Antes de tudo devo dizer que o nível que fazem ocupar aos apóstolos, com completa falta de lógica, é muito superior ao nosso valor real, pois nunca nos elevamos além da nossa condição de pobres pescadores, se bem que, em verdade, depois da morte do Mestre e uma vez desaparecido o terror que nos havia invadido, nossas forças e nossas aptidões foram multiplicadas a ponto de não parecer já os mesmos homens, porém sempre guardando as lógicas proporções, já que uma quantidade muito pequena pode ser centuplicada, sem chegar a ser muito grande.

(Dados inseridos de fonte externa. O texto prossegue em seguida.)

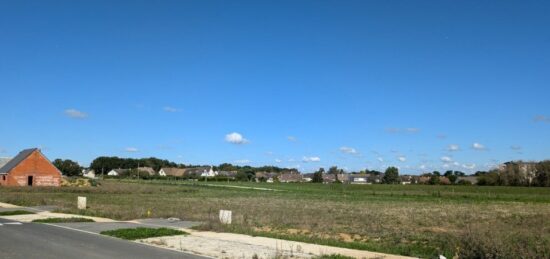 Terrain à bâtir à Pierres, Centre-Val de Loire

Quanto a Jesus, que tantos esforços faz em sua história ditada por ele mesmo, para desvirtuar os fatos milagreiros que se lhe atribuem, mais que ninguém foi dotado dos dons medianímico. Disse já que era um ser superior, sob todas as formas, conhecedor profundo dos homens, com tal penetração neles, que seus pensamentos ficavam desnudos ante a ele, como escritos em um livro aberto. Não deveis, portanto duvidar, repito-vos, de que muito do acontecido com o Messias e depois do seu desaparecimento material não passa de fanáticos acréscimos.
Sua penetração fez-lhe compreender imediatamente o verdadeiro estado social e religioso dos hebreus que não podiam ser separados de seus velhos ritos e fórmulas, sendo indispensável, para obter alguma cousa, abordar as questões religiosas e tradicionais sem opor-se-lhes verdadeiramente, mas tirando partido de toda a passagem ambígua da Bíblia, de toda a aparente contradição e de tudo aquilo que tivesse um significado para o porvir, isto é, de cuja solução ou cumprimento parecesse dever-se esperar por outra época. Por isso, sem dúvida, tinha dito aquilo, de que ele não tinha vindo para derrogar a lei senão para confirmá-la. Se assim não houvesse procedido, as desconfianças teriam aumentado contra ele e mais difícil lhe teria resultado o prestigiar sua pessoa e seus ensinamentos, pois apesar disso e de sua habilidade em servir-se das sagradas Escrituras para inculcar as novas doutrinas, as quais, finalmente, encerravam um espírito por completo contraposto ao verdadeiro Judaísmo, somente transitoriamente logrou o favor das maiorias, equilibrando-se apenas, geralmente, o número dos que o seguiam com o dos que o combatiam. Estes, entretanto, reconhecendo sua superioridade, nunca o enfrentavam, senão que lhe moviam guerras nas sombras e quando se colocavam em sua presença se limitavam a dificultar-lhe sua exposição com interrupções ou procuravam atrapalhá-lo com sofismas e com perguntas capciosas. Porém o Senhor com sua admirável presença de espírito, encontrava sempre e imediatamente a resposta oportuna.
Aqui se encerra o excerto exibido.